Там как раз сосед его, старый книжник Панафёдов, сидел с потрепанной книжкой и пил чай. Чай у Панафёдова всегда был невероятно горяч, в нем едва ложки не плавились. А он пил и ничего. Панафёдов, когда были слушатели, зачитывал вслух понравившиеся ему места.
— Что читаете? — спросил Заречный. Панафёдов показал обложку:
— Домострой, случайно нашел на месте разрушенного частного дома. Свод законов, по которым жил наш человек, купечество. Вот послушайте: "казни сына своего от юности его и покоитъ тя на старость твою и даст красоту души твоей; и не ослабляи, бия младенца: аще бо жезлом биеши его, не умреть, но здравие будет".
Заречный — ушки на макушке — слушал дальше, где говорилось о сокрушении ребер.
— Вот где древняя мудрость, — прошептал. И спросил у Панафёдова:
— А что, в старину так и жили?
— Да, — ответил тот, — И здоровее были, чем сейчас!
— Зерно истины, — опять прошептал Заречный, почесывая голову с боков.

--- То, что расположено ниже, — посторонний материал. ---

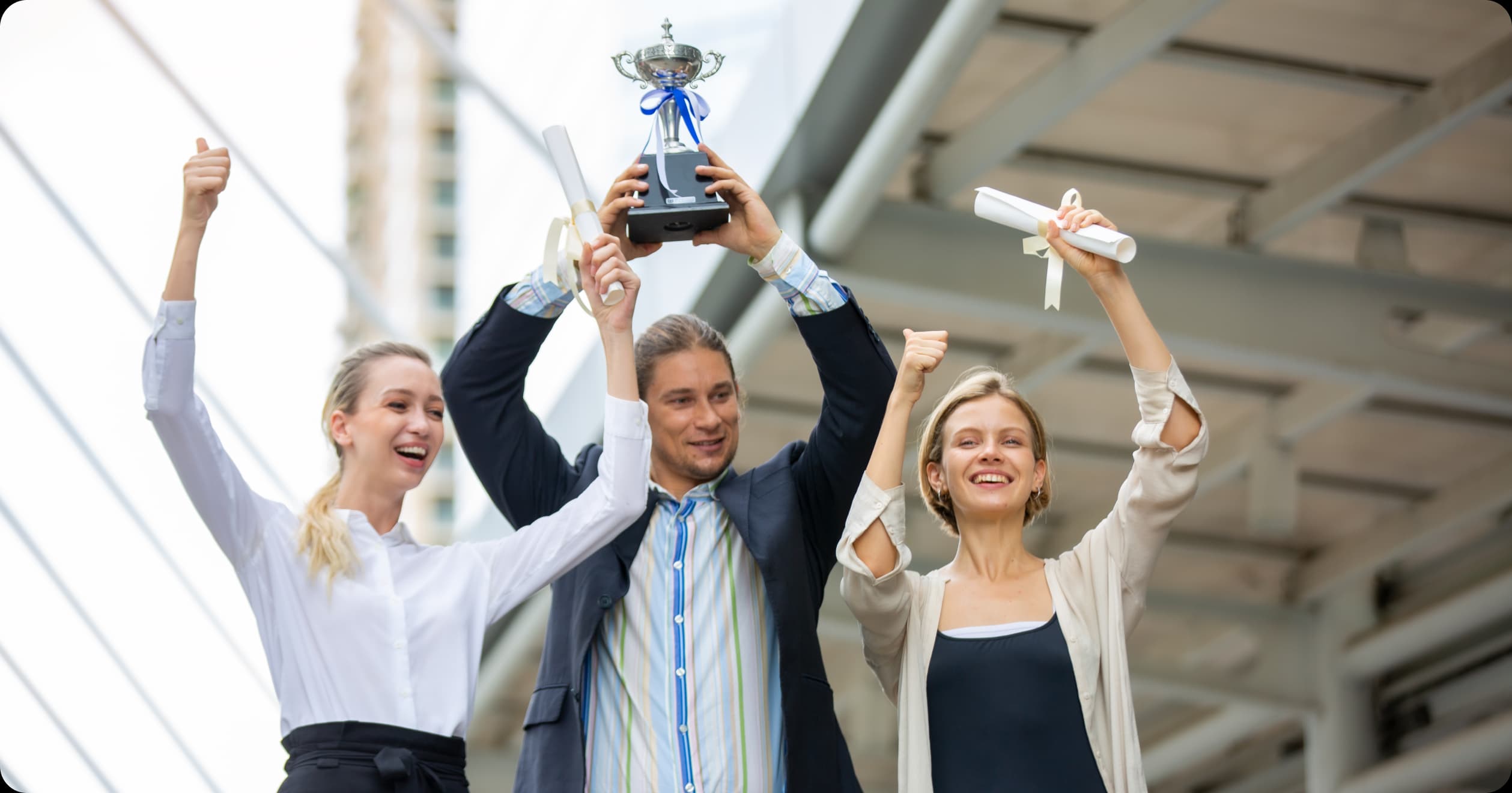 Happy employees celebrating with trophy and certificates, symbolizing the power of rewards and recognition in boosting wellness.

— А что вы думаете? Вспомните, как еще пятьдесят лет назад деревня выходила на деревню, слобода на слободу — и начинался великий кулачный бой. Ох и много носов расквашивали, но был, жил тогда в народе здоровый дух! Это, я считаю, из нутра у него идет — народ сам понимает, что ему надо для процветания. На самом деле меня зовут Косых, вы знаете?